▶ **About this task**:
Nothing below is to be printed except the lines between the line holding "Cinderella | PetCurious" and the line holding "Bombay – sisters need a home", inclusive, each exactly as it appears.

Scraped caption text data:
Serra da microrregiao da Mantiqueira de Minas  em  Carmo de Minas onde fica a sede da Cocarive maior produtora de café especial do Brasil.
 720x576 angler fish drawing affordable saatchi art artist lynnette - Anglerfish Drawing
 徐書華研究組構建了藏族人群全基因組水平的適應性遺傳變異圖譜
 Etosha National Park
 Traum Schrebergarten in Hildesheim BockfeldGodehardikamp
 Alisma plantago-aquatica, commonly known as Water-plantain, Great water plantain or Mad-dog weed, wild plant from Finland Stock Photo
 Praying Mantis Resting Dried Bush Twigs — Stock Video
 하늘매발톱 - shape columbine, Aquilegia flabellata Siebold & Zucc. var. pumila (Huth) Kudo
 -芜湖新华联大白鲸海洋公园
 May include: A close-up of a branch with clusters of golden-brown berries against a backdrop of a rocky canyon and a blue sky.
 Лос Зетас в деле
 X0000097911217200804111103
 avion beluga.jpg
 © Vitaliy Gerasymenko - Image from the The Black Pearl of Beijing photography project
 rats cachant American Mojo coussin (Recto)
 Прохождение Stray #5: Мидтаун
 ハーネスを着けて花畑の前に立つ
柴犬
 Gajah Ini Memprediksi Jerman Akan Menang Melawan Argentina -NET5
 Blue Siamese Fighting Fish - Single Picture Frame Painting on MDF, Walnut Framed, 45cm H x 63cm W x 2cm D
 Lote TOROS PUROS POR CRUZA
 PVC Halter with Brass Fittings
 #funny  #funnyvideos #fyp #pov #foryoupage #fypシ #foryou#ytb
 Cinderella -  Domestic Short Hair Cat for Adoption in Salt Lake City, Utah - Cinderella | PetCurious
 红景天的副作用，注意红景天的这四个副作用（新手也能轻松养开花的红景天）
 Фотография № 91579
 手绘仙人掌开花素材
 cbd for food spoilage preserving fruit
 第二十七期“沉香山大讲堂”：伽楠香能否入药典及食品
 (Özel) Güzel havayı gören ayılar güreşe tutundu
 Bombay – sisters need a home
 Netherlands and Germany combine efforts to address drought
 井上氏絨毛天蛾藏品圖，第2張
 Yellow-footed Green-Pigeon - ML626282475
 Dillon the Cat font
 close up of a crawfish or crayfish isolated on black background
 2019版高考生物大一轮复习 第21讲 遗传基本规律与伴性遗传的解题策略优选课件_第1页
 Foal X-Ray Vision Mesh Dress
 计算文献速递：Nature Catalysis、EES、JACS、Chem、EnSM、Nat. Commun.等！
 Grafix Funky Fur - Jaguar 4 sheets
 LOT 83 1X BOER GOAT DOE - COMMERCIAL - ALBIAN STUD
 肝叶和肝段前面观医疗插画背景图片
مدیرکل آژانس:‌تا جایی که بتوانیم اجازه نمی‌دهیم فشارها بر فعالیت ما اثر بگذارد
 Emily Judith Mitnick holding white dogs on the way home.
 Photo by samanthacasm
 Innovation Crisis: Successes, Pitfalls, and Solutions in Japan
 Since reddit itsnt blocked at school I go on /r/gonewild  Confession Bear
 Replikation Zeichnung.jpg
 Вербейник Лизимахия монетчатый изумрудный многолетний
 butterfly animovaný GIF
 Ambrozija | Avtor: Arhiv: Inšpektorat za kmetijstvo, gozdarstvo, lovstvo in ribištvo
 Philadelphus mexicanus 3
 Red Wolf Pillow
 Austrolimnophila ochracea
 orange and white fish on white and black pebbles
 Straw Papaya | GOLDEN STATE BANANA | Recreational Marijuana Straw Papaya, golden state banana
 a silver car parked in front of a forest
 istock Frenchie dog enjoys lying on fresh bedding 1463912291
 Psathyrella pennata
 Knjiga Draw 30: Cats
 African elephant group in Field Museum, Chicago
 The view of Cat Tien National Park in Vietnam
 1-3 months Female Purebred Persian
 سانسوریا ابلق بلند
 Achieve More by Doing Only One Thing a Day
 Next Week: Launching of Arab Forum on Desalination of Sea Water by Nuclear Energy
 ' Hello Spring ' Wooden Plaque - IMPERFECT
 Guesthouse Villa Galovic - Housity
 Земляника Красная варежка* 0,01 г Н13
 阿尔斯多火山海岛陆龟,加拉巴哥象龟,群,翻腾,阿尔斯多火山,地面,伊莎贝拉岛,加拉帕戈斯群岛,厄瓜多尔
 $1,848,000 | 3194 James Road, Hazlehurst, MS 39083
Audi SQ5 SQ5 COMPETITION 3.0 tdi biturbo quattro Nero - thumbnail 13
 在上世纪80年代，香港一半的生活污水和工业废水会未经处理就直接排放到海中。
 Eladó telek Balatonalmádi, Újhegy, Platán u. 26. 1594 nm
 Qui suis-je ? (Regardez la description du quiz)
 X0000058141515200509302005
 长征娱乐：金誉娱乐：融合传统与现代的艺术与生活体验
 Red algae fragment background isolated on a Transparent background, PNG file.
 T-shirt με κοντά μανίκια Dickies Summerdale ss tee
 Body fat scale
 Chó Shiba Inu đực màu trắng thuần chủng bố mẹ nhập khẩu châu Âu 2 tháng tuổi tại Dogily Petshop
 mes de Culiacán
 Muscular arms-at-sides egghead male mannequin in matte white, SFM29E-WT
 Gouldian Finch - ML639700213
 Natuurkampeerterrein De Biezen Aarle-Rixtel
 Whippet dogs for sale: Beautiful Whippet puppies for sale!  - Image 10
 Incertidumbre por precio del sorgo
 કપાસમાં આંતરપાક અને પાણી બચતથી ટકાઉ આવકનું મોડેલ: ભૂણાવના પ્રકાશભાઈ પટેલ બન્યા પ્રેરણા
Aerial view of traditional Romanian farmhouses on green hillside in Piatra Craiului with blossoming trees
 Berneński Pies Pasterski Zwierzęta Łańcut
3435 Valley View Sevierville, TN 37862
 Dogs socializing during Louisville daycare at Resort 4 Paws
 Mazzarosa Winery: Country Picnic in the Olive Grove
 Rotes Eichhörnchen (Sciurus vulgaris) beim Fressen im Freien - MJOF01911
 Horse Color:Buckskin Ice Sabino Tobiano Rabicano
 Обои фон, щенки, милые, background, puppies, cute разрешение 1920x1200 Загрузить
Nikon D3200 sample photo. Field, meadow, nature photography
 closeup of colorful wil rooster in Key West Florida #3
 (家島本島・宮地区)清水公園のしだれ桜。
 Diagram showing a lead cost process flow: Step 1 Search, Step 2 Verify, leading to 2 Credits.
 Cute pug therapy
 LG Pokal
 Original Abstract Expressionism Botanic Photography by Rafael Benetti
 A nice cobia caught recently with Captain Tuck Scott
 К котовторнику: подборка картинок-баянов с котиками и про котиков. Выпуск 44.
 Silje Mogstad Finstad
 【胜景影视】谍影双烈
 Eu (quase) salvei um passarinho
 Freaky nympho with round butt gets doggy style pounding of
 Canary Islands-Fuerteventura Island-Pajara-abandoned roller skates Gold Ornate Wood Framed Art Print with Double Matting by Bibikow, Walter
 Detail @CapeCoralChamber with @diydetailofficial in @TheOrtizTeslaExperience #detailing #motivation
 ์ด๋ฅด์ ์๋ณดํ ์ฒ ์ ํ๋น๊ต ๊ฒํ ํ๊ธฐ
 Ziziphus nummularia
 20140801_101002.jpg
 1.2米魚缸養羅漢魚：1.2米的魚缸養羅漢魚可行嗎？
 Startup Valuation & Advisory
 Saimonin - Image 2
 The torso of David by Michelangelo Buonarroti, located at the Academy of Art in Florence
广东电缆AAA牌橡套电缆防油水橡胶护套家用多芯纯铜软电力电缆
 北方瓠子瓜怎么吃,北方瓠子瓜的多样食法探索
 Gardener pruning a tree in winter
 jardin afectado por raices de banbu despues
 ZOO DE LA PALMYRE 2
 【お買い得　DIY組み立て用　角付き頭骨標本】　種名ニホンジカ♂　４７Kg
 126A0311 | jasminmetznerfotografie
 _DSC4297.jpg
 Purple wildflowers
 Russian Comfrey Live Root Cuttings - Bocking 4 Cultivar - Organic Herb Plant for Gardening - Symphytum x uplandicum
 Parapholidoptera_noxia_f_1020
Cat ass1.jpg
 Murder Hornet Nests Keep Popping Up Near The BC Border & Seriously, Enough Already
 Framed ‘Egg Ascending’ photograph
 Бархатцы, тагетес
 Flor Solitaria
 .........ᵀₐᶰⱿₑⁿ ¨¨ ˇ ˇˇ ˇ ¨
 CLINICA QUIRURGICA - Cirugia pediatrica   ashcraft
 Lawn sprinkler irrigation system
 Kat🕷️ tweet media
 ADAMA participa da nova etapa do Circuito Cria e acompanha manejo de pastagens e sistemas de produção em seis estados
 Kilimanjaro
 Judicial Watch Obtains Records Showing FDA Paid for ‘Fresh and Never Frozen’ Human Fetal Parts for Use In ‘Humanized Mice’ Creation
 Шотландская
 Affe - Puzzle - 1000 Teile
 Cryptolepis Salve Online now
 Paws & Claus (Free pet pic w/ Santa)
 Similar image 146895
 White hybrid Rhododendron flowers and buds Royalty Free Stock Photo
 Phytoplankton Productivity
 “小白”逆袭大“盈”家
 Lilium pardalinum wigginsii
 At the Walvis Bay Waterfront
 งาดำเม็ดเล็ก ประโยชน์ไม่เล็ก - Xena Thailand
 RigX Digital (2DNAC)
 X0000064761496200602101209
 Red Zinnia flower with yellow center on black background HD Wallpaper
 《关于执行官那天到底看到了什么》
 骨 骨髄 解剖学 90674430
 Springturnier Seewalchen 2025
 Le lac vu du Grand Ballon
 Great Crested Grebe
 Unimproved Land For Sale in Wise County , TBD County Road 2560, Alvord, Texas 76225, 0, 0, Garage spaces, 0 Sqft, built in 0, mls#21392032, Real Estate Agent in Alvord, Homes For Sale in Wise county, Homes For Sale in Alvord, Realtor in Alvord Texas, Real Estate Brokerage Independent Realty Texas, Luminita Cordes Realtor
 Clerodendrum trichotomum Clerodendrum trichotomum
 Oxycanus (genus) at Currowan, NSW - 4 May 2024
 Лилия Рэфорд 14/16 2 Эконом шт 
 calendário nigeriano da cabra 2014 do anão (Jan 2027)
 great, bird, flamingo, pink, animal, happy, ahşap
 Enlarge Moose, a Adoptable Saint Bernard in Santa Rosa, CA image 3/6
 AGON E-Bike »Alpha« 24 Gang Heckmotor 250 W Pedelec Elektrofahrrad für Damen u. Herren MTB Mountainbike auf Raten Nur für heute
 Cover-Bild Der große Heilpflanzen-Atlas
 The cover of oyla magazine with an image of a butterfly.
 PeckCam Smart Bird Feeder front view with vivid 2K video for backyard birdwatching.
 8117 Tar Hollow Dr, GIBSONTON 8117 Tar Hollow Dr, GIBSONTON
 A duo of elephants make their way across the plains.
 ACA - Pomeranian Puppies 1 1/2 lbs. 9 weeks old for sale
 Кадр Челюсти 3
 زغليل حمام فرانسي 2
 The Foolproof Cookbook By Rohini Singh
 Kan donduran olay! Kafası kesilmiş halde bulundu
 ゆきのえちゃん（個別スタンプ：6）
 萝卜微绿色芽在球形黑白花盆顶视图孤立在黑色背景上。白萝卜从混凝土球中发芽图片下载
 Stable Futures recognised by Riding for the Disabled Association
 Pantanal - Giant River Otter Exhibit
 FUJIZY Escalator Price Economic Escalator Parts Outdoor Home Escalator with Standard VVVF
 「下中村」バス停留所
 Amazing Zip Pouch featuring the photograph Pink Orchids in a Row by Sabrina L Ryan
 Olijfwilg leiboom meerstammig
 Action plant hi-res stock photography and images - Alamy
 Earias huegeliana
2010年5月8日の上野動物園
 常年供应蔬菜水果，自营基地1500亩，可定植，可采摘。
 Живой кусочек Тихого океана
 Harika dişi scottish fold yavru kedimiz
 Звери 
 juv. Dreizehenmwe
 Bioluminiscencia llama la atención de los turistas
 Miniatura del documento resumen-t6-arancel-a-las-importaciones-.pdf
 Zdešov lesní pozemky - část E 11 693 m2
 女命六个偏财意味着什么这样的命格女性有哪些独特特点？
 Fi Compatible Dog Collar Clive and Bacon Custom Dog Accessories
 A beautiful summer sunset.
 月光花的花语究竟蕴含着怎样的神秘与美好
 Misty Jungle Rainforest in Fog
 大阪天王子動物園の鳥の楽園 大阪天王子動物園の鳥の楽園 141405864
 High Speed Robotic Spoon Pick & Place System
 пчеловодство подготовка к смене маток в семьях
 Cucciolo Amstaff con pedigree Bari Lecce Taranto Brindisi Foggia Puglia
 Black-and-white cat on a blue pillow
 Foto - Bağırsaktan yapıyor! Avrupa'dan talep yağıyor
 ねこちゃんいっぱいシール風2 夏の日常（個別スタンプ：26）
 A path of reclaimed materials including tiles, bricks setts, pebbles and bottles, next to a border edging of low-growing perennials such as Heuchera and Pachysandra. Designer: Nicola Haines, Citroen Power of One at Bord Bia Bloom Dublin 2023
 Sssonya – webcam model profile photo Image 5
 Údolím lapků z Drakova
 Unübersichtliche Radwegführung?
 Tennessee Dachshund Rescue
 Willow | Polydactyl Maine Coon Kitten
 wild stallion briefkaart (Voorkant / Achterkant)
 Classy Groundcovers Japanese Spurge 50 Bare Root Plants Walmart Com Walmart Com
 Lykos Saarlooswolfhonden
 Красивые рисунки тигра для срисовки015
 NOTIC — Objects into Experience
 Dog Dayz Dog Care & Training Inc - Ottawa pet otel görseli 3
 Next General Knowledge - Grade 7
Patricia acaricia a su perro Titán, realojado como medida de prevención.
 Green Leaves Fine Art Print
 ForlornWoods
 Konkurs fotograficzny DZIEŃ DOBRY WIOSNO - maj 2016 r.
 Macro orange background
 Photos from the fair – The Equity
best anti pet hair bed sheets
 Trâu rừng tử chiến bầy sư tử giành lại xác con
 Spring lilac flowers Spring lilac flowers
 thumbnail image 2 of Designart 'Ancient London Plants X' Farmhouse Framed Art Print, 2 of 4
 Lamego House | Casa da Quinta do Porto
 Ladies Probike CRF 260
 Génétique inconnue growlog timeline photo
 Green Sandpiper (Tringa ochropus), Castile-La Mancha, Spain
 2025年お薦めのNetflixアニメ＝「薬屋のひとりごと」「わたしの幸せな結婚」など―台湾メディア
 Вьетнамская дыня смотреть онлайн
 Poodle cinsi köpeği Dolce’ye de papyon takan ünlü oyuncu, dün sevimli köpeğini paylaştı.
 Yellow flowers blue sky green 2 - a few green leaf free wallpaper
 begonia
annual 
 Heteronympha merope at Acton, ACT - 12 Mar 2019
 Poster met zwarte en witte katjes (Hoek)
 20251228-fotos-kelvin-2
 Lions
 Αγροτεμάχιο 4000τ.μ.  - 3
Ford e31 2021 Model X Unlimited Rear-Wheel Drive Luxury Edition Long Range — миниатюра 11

▶ **Task response**:
 Cinderella -  Domestic Short Hair Cat for Adoption in Salt Lake City, Utah - Cinderella | PetCurious
 红景天的副作用，注意红景天的这四个副作用（新手也能轻松养开花的红景天）
 Фотография № 91579
 手绘仙人掌开花素材
 cbd for food spoilage preserving fruit
 第二十七期“沉香山大讲堂”：伽楠香能否入药典及食品
 (Özel) Güzel havayı gören ayılar güreşe tutundu
 Bombay – sisters need a home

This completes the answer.